The color itself is inherited through an incompletely dominant allele, which means you can easily transmit it from breed to breed. All you have to do is cross a merle dog of one breed with a breed that doesn’t yet have the color, and then you just breed back into that second breed until the dogs all look like like that breed, just with the merle color.
The problem with the color is that it can be risky. It is often frowned upon to breed merle to merle, because there is risk that some of the puppies that are born double merle can have closed ear canals or eye deformities that might be as severe as the dog having no eyes at all.

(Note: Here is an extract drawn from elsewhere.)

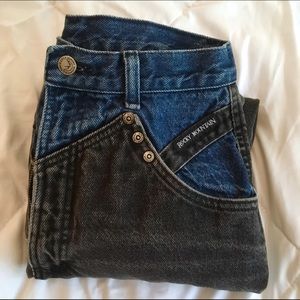 VINTAGE High Waisted Rocky Mountain Mom Jeans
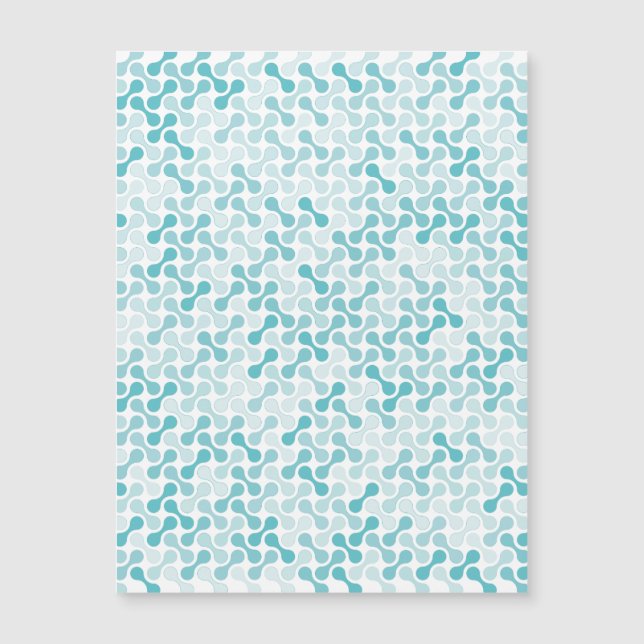 Blue metaball pattern (Front)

All the breeds that have a standard merle color have a way of dealing with this problem, though, to be fair, not all breeders follow those guidelines.
The problem happens when you have cryptic merles– dogs that have the merle variant but you can’t tell by looking at them. The dog simply doesn’t show the pattern at all, and when someone breeds that merle to a known merle, you can get the defective puppies.
Also merle can be hidden in yellow or cream colored dogs, simply because they don’t produce any pigment on their fur but yellow or cream. French bulldogs come in this color. (Though I don’t think their fancier use this name).
So you could run a risk in creating double merles entirely upon accident.
Now the dog in the photo doesn’t look to be that far removed from the crossbreeding that introduced the merle variant into that particular strain of French bulldog. But there are breeders who are producing merle French bulldogs with much more typical conformation.
I don’t see the point in adding merle to a breed that also comes in cream or yellow. It’s way too risky.
I’m sure the French bulldog clubs are thrilled to know that this color is being produced. It’s not a standard color in the breed.
But the issue is managing merle in a breed population, and I guarantee that the people who started producing these dogs aren’t thinking about breed management issues.
People love that merle color, but if it’s going to exist in any breed, there have to be guidelines about how to produce it.
Otherwise, it’s just asking for misery.
It’s better off left out of most breeds.